● **What the task asks**: Only the lines below from the one that contains "Opel-Corsa-image-14" through the one that contains "ドッグスタ－ズペグ【真鍮ﾌﾟ" should appear in your answer, exact and without pictures.

● **Data supplied**:
__________________________________________________
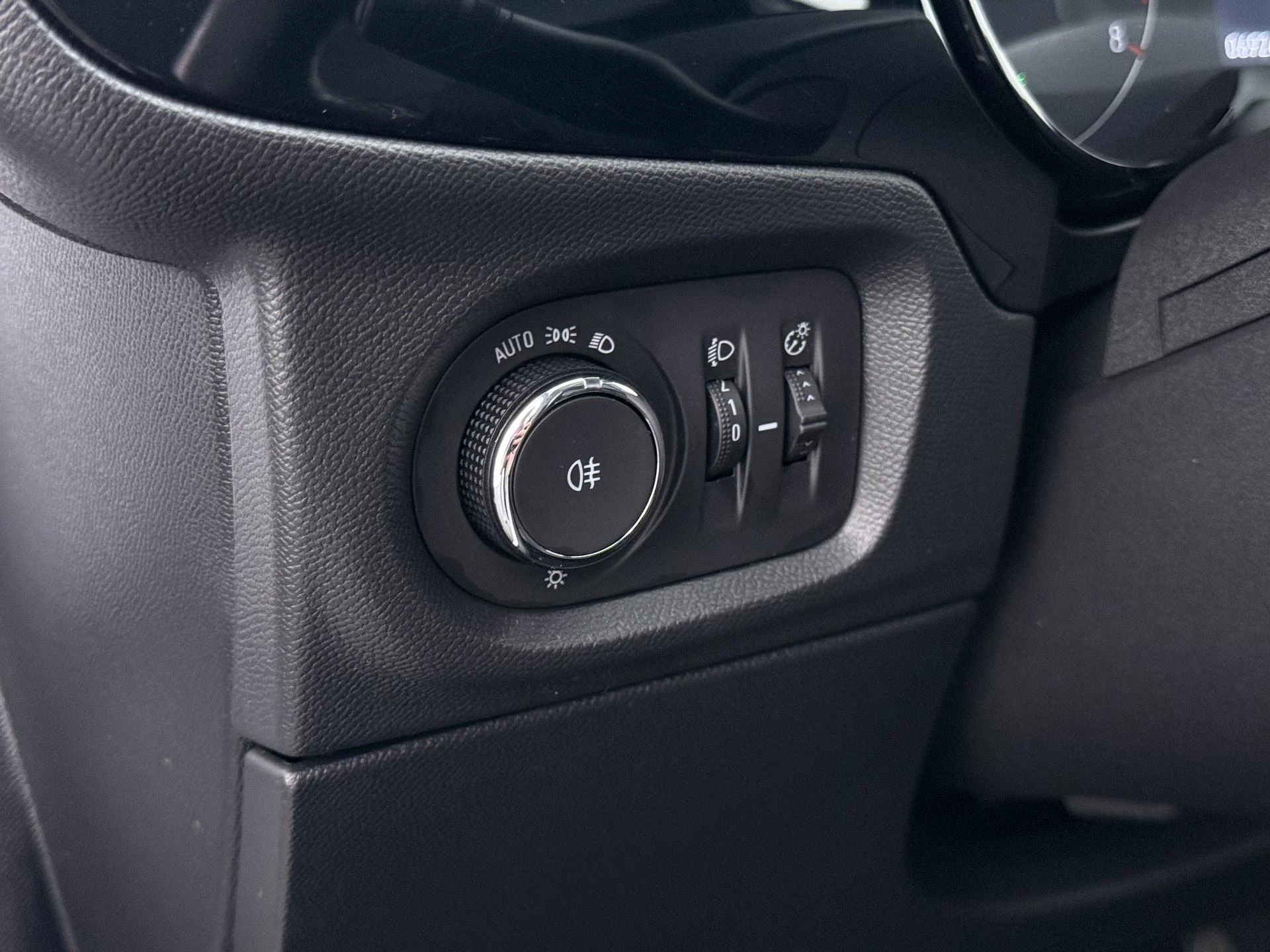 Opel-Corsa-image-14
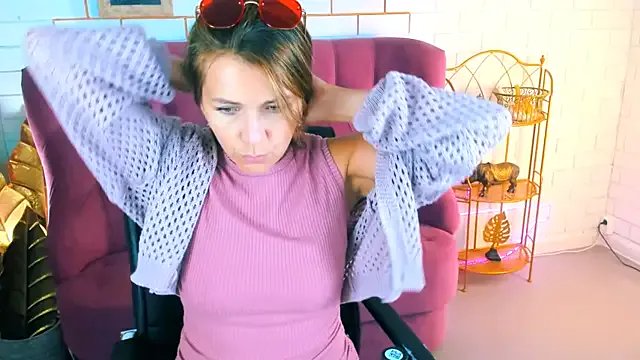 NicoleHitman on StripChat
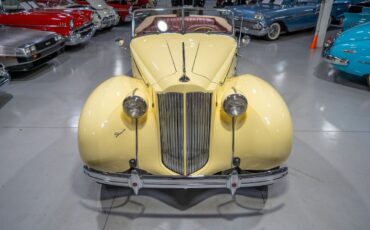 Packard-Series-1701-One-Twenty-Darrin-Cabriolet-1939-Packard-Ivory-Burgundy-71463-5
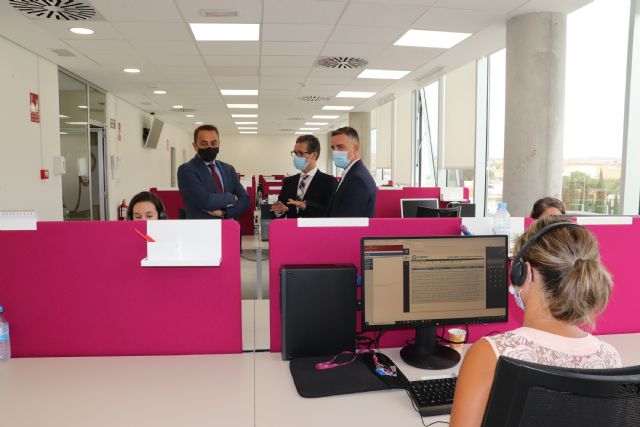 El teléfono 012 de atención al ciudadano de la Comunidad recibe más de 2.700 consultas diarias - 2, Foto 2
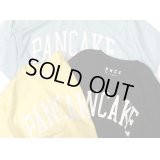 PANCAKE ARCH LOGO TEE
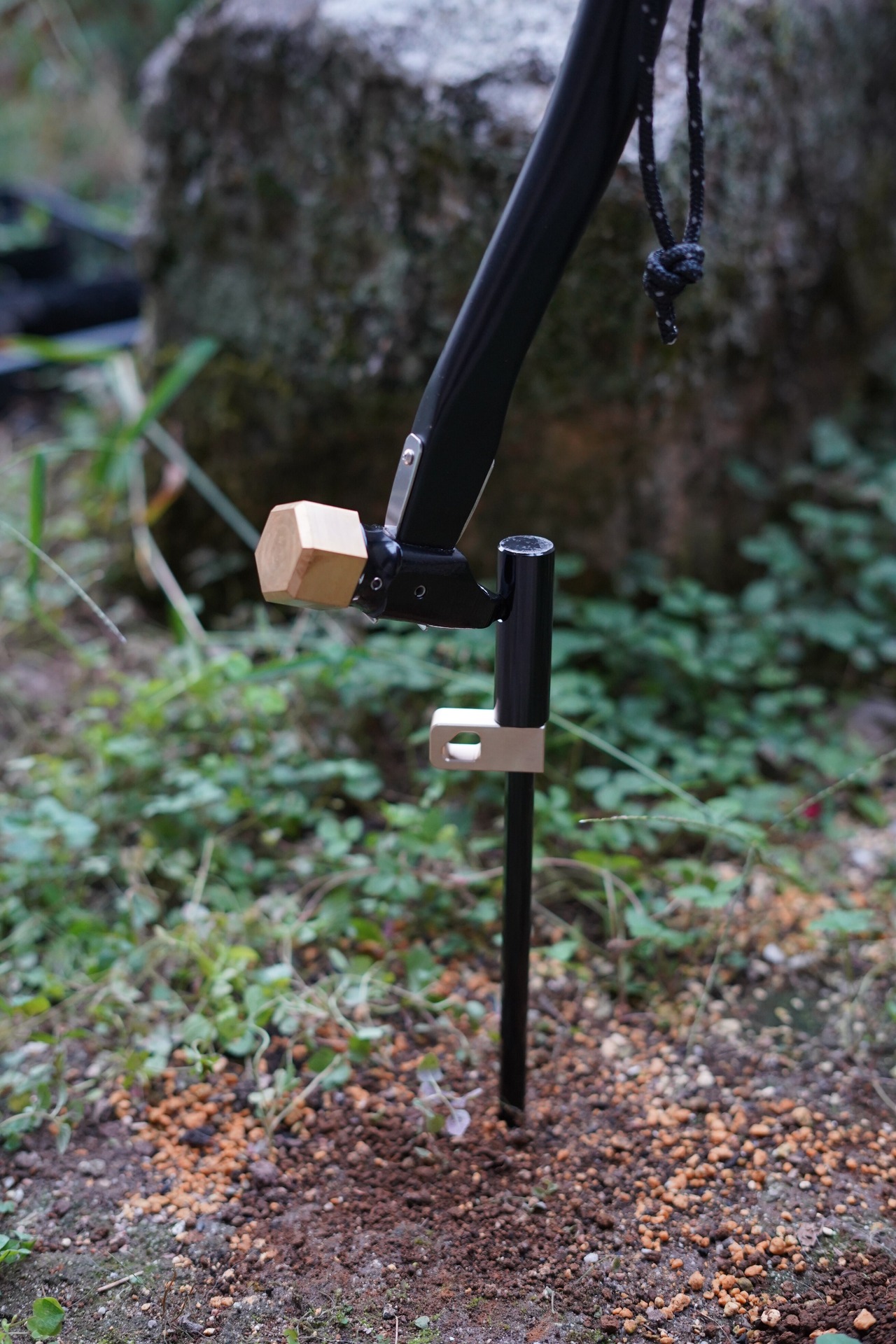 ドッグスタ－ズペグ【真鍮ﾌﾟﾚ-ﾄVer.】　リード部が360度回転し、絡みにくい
__________________________________________________
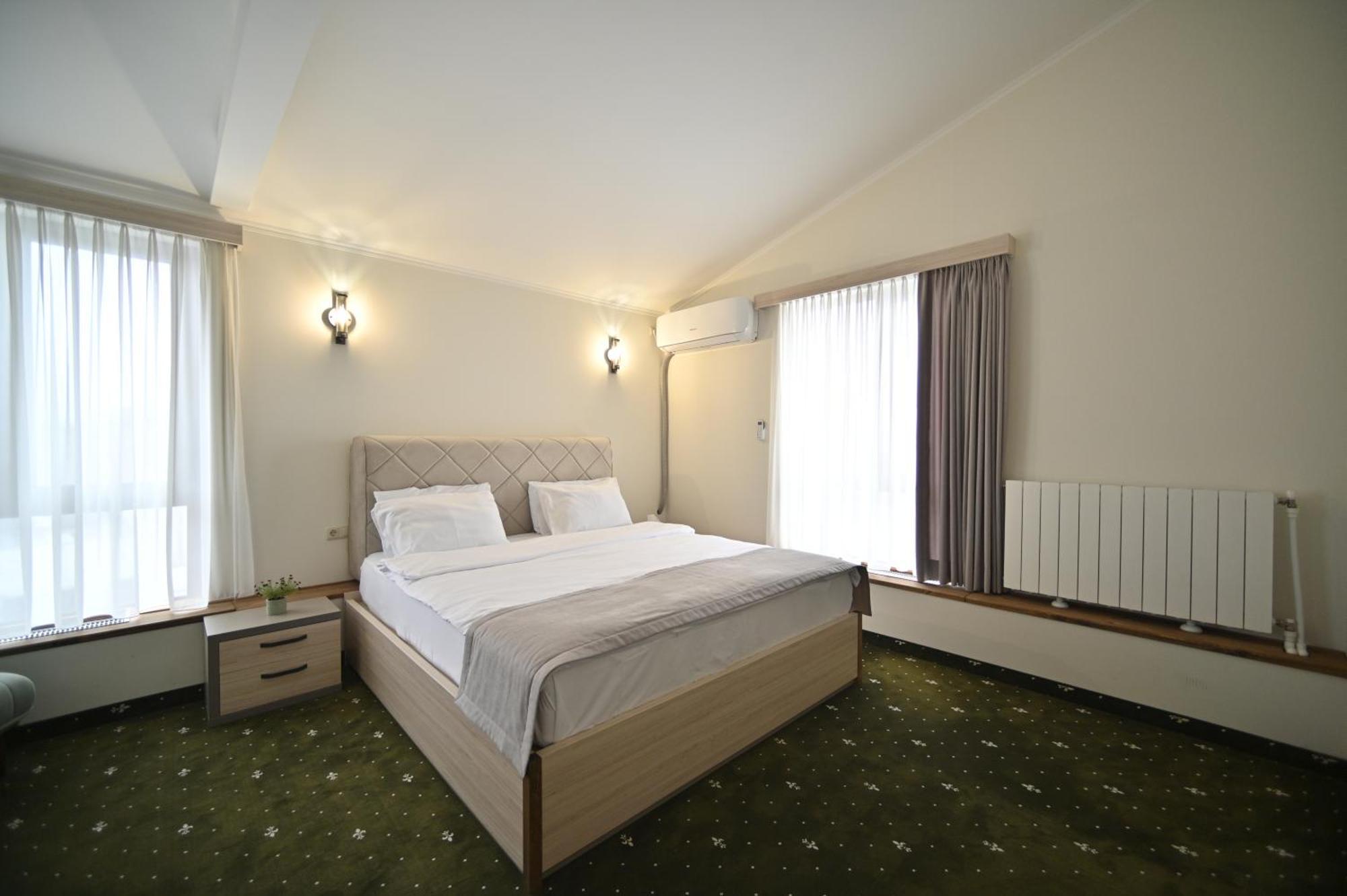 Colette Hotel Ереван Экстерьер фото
__________________________________________________
● **Task solution**:
 Opel-Corsa-image-14
 NicoleHitman on StripChat
 Packard-Series-1701-One-Twenty-Darrin-Cabriolet-1939-Packard-Ivory-Burgundy-71463-5
 El teléfono 012 de atención al ciudadano de la Comunidad recibe más de 2.700 consultas diarias - 2, Foto 2
 PANCAKE ARCH LOGO TEE
 ドッグスタ－ズペグ【真鍮ﾌﾟﾚ-ﾄVer.】　リード部が360度回転し、絡みにくい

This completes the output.